**Task details**
Copy nothing from the entries below except the lines from the one containing "Bengal Elections 2026: बंगाल" through the one containing "2025年最新】紅殻のパンドラの人気アイテム - メルカリ", and copy those exactly.

**Data to use**

=== Begin Enclosure ===

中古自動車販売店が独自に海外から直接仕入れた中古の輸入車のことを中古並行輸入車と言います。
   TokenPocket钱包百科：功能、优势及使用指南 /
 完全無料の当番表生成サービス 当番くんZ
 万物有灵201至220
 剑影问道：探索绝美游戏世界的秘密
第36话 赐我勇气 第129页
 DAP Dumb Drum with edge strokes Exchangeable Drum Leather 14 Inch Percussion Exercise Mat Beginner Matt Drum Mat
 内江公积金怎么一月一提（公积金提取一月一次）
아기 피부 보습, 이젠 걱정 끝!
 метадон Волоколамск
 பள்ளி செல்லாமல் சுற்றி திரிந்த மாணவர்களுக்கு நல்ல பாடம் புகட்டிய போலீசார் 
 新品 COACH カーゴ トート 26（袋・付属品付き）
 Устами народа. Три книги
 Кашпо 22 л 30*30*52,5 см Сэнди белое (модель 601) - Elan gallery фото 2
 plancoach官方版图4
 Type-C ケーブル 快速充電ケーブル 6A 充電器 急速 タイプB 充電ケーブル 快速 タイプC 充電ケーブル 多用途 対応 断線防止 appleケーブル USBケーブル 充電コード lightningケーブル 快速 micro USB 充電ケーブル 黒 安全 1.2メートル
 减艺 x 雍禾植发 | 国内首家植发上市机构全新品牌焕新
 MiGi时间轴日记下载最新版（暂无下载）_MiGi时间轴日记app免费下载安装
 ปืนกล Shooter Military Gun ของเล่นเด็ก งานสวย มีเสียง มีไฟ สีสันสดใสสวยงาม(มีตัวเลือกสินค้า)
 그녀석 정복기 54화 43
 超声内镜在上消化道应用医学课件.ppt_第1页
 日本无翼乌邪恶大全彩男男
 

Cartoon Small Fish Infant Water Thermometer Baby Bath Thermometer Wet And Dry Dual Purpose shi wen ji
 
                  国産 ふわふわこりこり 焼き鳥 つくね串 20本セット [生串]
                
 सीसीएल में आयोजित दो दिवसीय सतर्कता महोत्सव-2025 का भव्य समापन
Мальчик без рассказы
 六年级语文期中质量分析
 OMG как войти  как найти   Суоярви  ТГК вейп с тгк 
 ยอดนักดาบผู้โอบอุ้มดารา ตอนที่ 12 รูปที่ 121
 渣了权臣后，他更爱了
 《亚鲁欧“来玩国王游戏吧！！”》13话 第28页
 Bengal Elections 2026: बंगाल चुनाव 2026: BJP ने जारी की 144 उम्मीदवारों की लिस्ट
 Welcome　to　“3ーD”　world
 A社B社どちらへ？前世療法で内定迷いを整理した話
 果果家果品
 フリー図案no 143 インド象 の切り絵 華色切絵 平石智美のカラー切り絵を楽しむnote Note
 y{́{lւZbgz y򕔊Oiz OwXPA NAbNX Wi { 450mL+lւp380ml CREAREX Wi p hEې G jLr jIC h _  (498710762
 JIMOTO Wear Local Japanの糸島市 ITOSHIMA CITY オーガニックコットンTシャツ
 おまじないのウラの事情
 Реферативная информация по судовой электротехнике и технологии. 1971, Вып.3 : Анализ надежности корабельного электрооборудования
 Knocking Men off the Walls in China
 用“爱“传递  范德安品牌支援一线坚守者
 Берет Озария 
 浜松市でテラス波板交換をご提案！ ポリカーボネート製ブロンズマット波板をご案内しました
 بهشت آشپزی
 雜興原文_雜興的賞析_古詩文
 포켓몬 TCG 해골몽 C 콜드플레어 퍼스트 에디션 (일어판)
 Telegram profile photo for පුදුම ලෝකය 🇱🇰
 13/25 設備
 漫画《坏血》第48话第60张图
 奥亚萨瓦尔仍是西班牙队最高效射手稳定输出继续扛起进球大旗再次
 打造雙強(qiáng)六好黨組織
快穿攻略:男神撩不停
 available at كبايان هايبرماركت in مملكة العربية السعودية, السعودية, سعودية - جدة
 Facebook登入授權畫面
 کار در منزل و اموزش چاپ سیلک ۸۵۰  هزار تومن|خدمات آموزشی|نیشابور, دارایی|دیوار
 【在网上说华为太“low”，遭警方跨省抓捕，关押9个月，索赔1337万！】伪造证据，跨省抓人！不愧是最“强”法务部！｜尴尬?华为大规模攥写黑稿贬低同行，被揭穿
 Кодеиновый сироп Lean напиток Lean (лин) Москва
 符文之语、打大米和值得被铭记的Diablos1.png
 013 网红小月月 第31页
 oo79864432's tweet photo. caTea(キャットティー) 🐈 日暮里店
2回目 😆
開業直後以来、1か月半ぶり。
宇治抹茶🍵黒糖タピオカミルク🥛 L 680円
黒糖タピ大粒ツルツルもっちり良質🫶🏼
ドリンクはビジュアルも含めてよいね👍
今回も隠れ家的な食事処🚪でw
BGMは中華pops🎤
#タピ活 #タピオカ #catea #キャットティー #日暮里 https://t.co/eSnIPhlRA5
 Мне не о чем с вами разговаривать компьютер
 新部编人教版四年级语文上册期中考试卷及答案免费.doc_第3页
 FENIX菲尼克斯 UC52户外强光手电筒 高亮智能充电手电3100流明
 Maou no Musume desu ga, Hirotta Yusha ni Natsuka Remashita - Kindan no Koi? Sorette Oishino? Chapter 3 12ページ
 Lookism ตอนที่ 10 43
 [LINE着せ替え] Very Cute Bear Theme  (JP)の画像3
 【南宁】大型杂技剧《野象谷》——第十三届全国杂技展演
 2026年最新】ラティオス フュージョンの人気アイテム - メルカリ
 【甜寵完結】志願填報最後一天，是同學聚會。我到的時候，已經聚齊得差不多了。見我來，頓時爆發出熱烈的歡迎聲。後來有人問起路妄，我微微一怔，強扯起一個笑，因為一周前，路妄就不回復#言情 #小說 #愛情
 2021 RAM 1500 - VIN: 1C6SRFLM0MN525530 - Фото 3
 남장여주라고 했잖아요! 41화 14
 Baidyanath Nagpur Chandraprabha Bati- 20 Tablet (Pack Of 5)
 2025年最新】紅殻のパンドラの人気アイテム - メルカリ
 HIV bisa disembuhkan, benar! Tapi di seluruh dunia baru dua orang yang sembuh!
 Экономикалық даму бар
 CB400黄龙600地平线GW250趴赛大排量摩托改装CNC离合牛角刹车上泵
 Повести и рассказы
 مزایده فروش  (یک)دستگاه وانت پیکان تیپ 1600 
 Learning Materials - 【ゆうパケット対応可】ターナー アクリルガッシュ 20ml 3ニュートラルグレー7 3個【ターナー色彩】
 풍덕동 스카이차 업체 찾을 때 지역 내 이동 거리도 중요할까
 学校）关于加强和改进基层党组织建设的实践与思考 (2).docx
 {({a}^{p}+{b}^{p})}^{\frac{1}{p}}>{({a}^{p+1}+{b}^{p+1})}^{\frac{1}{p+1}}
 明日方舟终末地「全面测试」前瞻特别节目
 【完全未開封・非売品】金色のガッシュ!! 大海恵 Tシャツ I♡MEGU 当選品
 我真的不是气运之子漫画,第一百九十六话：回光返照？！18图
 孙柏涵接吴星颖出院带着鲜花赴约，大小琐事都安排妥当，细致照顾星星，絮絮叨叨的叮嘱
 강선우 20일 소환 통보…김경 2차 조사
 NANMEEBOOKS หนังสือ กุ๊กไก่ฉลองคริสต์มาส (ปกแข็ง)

=== End Enclosure ===

**Result of this task**
 Bengal Elections 2026: बंगाल चुनाव 2026: BJP ने जारी की 144 उम्मीदवारों की लिस्ट
 Welcome　to　“3ーD”　world
 A社B社どちらへ？前世療法で内定迷いを整理した話
 果果家果品
 フリー図案no 143 インド象 の切り絵 華色切絵 平石智美のカラー切り絵を楽しむnote Note
 y{́{lւZbgz y򕔊Oiz OwXPA NAbNX Wi { 450mL+lւp380ml CREAREX Wi p hEې G jLr jIC h _  (498710762
 JIMOTO Wear Local Japanの糸島市 ITOSHIMA CITY オーガニックコットンTシャツ
 おまじないのウラの事情
 Реферативная информация по судовой электротехнике и технологии. 1971, Вып.3 : Анализ надежности корабельного электрооборудования
 Knocking Men off the Walls in China
 用“爱“传递  范德安品牌支援一线坚守者
 Берет Озария 
 浜松市でテラス波板交換をご提案！ ポリカーボネート製ブロンズマット波板をご案内しました
 بهشت آشپزی
 雜興原文_雜興的賞析_古詩文
 포켓몬 TCG 해골몽 C 콜드플레어 퍼스트 에디션 (일어판)
 Telegram profile photo for පුදුම ලෝකය 🇱🇰
 13/25 設備
 漫画《坏血》第48话第60张图
 奥亚萨瓦尔仍是西班牙队最高效射手稳定输出继续扛起进球大旗再次
 打造雙強(qiáng)六好黨組織
快穿攻略:男神撩不停
 available at كبايان هايبرماركت in مملكة العربية السعودية, السعودية, سعودية - جدة
 Facebook登入授權畫面
 کار در منزل و اموزش چاپ سیلک ۸۵۰  هزار تومن|خدمات آموزشی|نیشابور, دارایی|دیوار
 【在网上说华为太“low”，遭警方跨省抓捕，关押9个月，索赔1337万！】伪造证据，跨省抓人！不愧是最“强”法务部！｜尴尬?华为大规模攥写黑稿贬低同行，被揭穿
 Кодеиновый сироп Lean напиток Lean (лин) Москва
 符文之语、打大米和值得被铭记的Diablos1.png
 013 网红小月月 第31页
 oo79864432's tweet photo. caTea(キャットティー) 🐈 日暮里店
2回目 😆
開業直後以来、1か月半ぶり。
宇治抹茶🍵黒糖タピオカミルク🥛 L 680円
黒糖タピ大粒ツルツルもっちり良質🫶🏼
ドリンクはビジュアルも含めてよいね👍
今回も隠れ家的な食事処🚪でw
BGMは中華pops🎤
#タピ活 #タピオカ #catea #キャットティー #日暮里 https://t.co/eSnIPhlRA5
 Мне не о чем с вами разговаривать компьютер
 新部编人教版四年级语文上册期中考试卷及答案免费.doc_第3页
 FENIX菲尼克斯 UC52户外强光手电筒 高亮智能充电手电3100流明
 Maou no Musume desu ga, Hirotta Yusha ni Natsuka Remashita - Kindan no Koi? Sorette Oishino? Chapter 3 12ページ
 Lookism ตอนที่ 10 43
 [LINE着せ替え] Very Cute Bear Theme  (JP)の画像3
 【南宁】大型杂技剧《野象谷》——第十三届全国杂技展演
 2026年最新】ラティオス フュージョンの人気アイテム - メルカリ
 【甜寵完結】志願填報最後一天，是同學聚會。我到的時候，已經聚齊得差不多了。見我來，頓時爆發出熱烈的歡迎聲。後來有人問起路妄，我微微一怔，強扯起一個笑，因為一周前，路妄就不回復#言情 #小說 #愛情
 2021 RAM 1500 - VIN: 1C6SRFLM0MN525530 - Фото 3
 남장여주라고 했잖아요! 41화 14
 Baidyanath Nagpur Chandraprabha Bati- 20 Tablet (Pack Of 5)
 2025年最新】紅殻のパンドラの人気アイテム - メルカリ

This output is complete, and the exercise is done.